Fussing about textbook content is normally mocked by liberals, but not on the front page of Monday’s New York Times. The worry-soaked headline was “Textbooks Reassess Kennedy, Putting Camelot Under Siege.”
Adam Clymer, a former New York Times reporter (the one George W. Bush called a major league blankety-blank in 2000), was upset that the old idea of JFK as reviving America “as a young question, progressive land” was replaced with a focus on his “rather meager legislative accomplishments.” In other words, Clymer’s upset Kennedy verbiage transformed from myth to fact.
Apparently the 50th anniversary of the assassination has made it timely for Clymer to complain about what textbooks published in the Reagan-Bush years said about the Kennedy presidency. It's a little like NewsBusters complaining about Clymer's dated Ted Kennedy swooning.
Clymer seemed upset that Democratic heroes were assailed like everyone else as history moved into a “revisionist” frame of mind, seeking to cast off patriotic overtones:
Finally, the ’80s saw a shift in textbook historiography. Gilbert Sewall, the director of the American Textbook Council, a nonprofit organization that reviews educational materials, said the older approach concentrated on successes in American history. In the ’80s, he said, that was replaced by a “revisionist” approach that not only focused on injustices like the mistreatment of Indians but also highlighted flaws of those previously treated as heroic, like slaveholding among the founding fathers....

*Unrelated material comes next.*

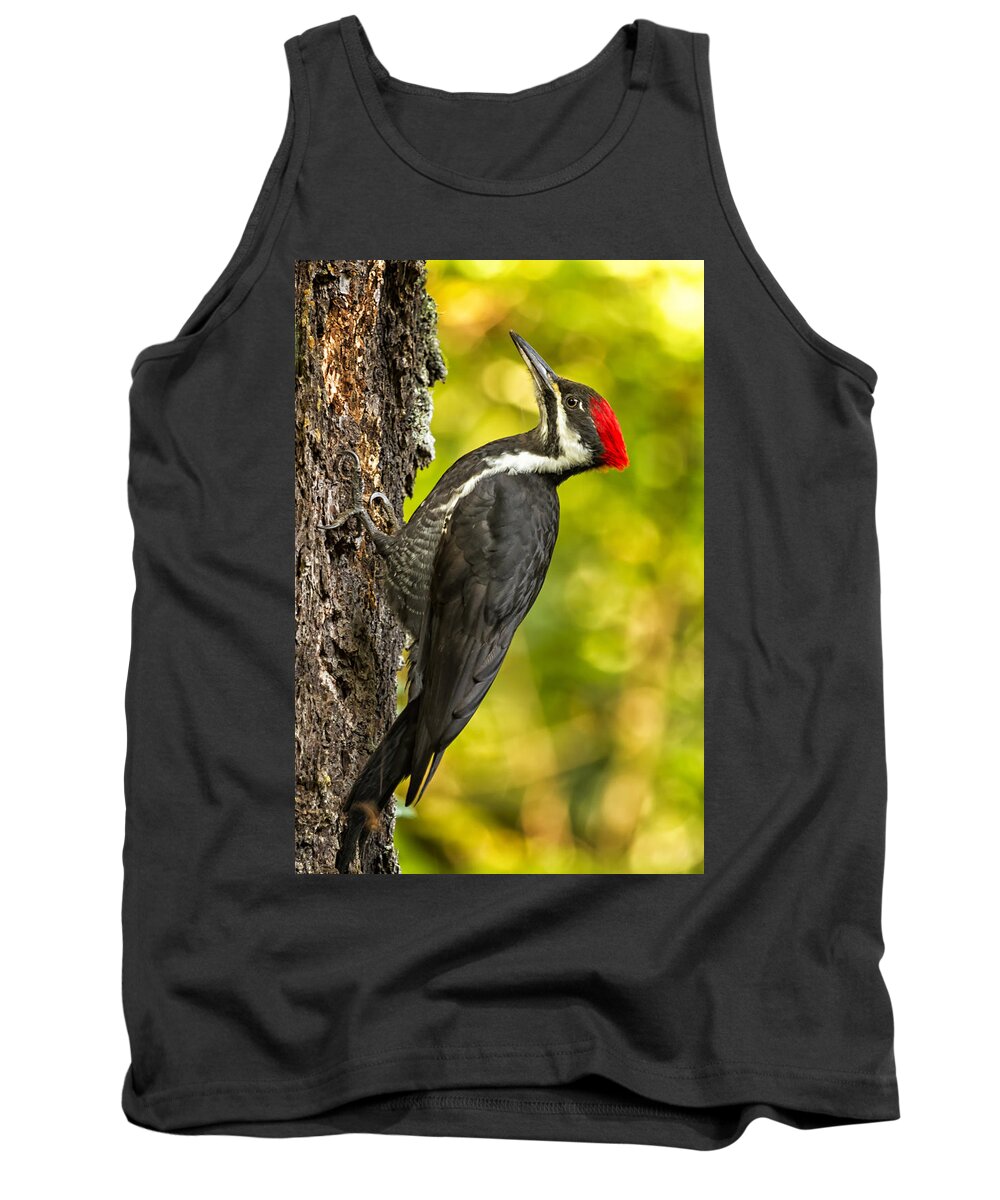 Pileated Woodpecker Tank Top featuring the photograph Female Pileated Woodpecker No. 2 by Belinda Greb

That change, enhanced by unflattering portrayals in journalism, books and television, may have made a big difference in perceptions of Kennedy. Gallup polls used to show the public ranking him as one of the greatest American presidents, sometimes topping Abraham Lincoln for first place as the choice of more than 20 percent.

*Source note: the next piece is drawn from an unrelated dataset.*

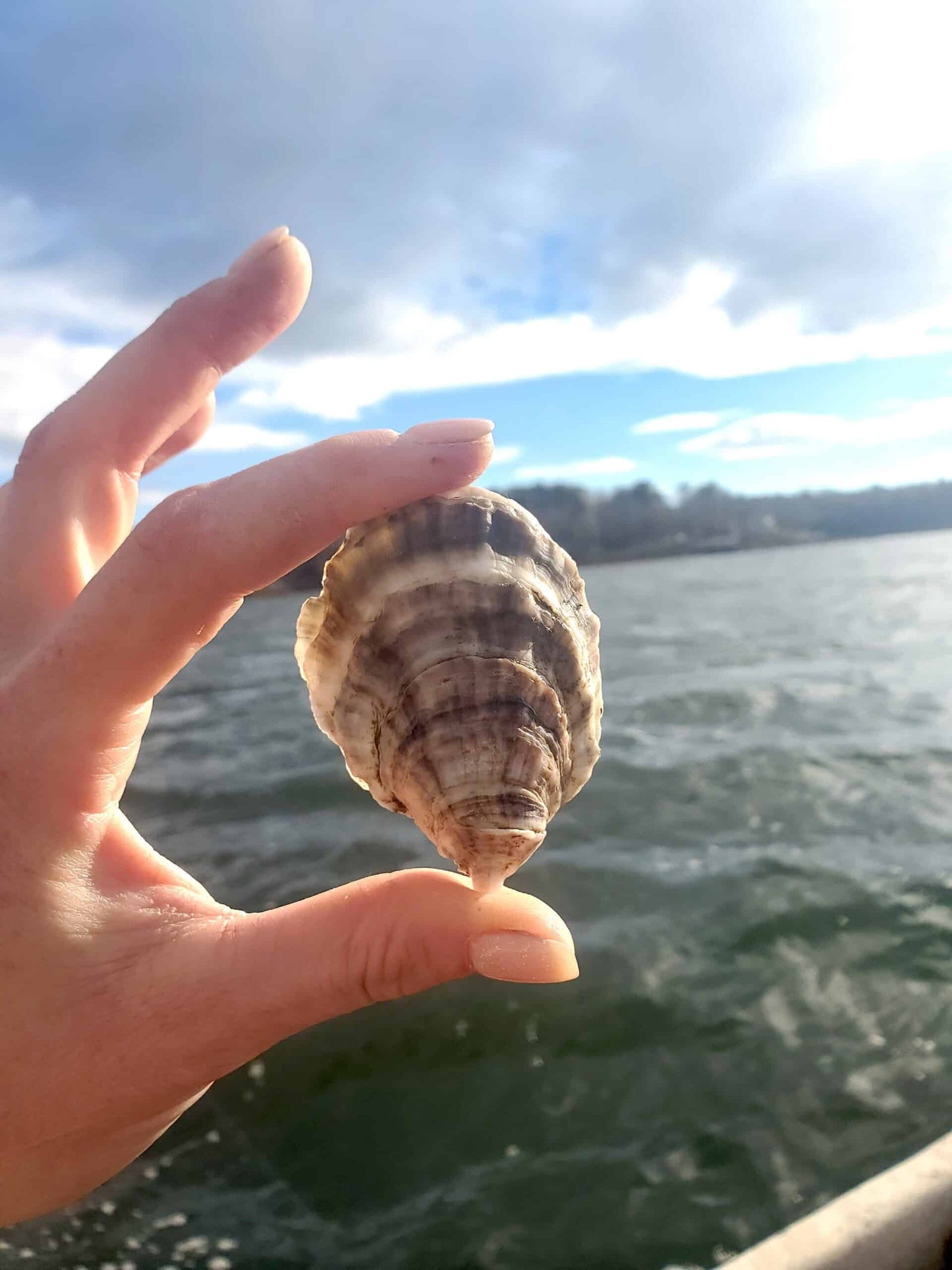 100 Mere Point Petites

His standing has declined in recent years. A recent New York Times poll ranked him fourth, at 10 percent. That placed him behind Ronald Reagan, Lincoln and Bill Clinton.

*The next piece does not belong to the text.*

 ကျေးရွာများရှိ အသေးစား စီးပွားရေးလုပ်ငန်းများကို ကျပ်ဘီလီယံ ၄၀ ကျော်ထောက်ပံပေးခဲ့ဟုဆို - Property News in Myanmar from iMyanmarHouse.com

Textbooks were apparently better with ringing sentences about "Kennedy's true nature as a stateman became fully apparent." These newer textbooks are even so coarsely accurate that they acknowledge that JFK was boosted by a "smitten press" that extolled his glamour:
Most books from all years told how television helped him win in 1960, and many implied that a smitten press made his presidency seem more than it was. “His taste and grace awed the media and reporters endlessly extolled the first family’s glamour and vitality,” Paul S. Boyer and colleagues wrote in 1990 in “The Enduring Vision: A History of the American People.”
That aura, more than the policy record, endures.